When Jeremiah returns to Jerusalem and denounces not only this practice but the corruption in Jerusalem as well,  he is beaten and placed in stocks by orders of a temple priest and administrator, Pashhur.  “The prophet’s response was to rename the priest ‘Terror on every side’ (v. 3; cf. 6:25, where this phrase describes the people’s response to an invasion from the north, and 20:10, where is describes Jeremiah’s response to his enemies’ actions).  This name symbolizes the fact that Pashhur will be a ‘terror’ both to himself and to his friends: they and the whole land will suffer death, plundering and exile at the hands of the Babylonians (vv. 4-6).  The assertion that Pashhur has misled his friends (v. 6b) is the key to his condemnation.  His reaction to Jeremiah’s message was based on a partisan political position, supported, of course, by an appropriate religious ideology.  From his own standpoint Jeremiah was convinced that this position would lead to disaster”.  (HARPERCOLLINS BIBLE COMMENTARY, 561)
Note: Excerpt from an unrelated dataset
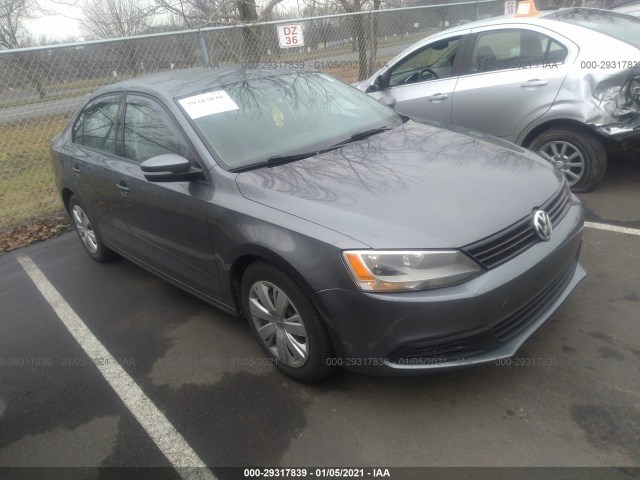 2010 volkswagen jetta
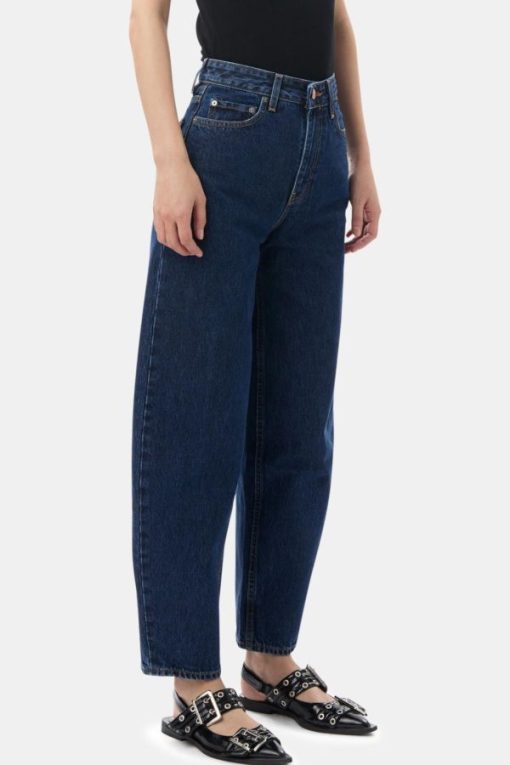 Fromdesktodinner.shop2a1a572f4b 2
This is grime reading and yet it is the kind of persecution that takes place constantly in our world.  Sometimes is happens an ocean away . . . today I am thinking of the people of Egypt.  It also happens right under our noses . . . today I also think about someone dear to me who is persecuted for speaking up.  No matter when this kind of harassment takes place, the effect the bully wishes to create – silence – is void, and in time an opposite result occurs – the truth always comes out in the end. 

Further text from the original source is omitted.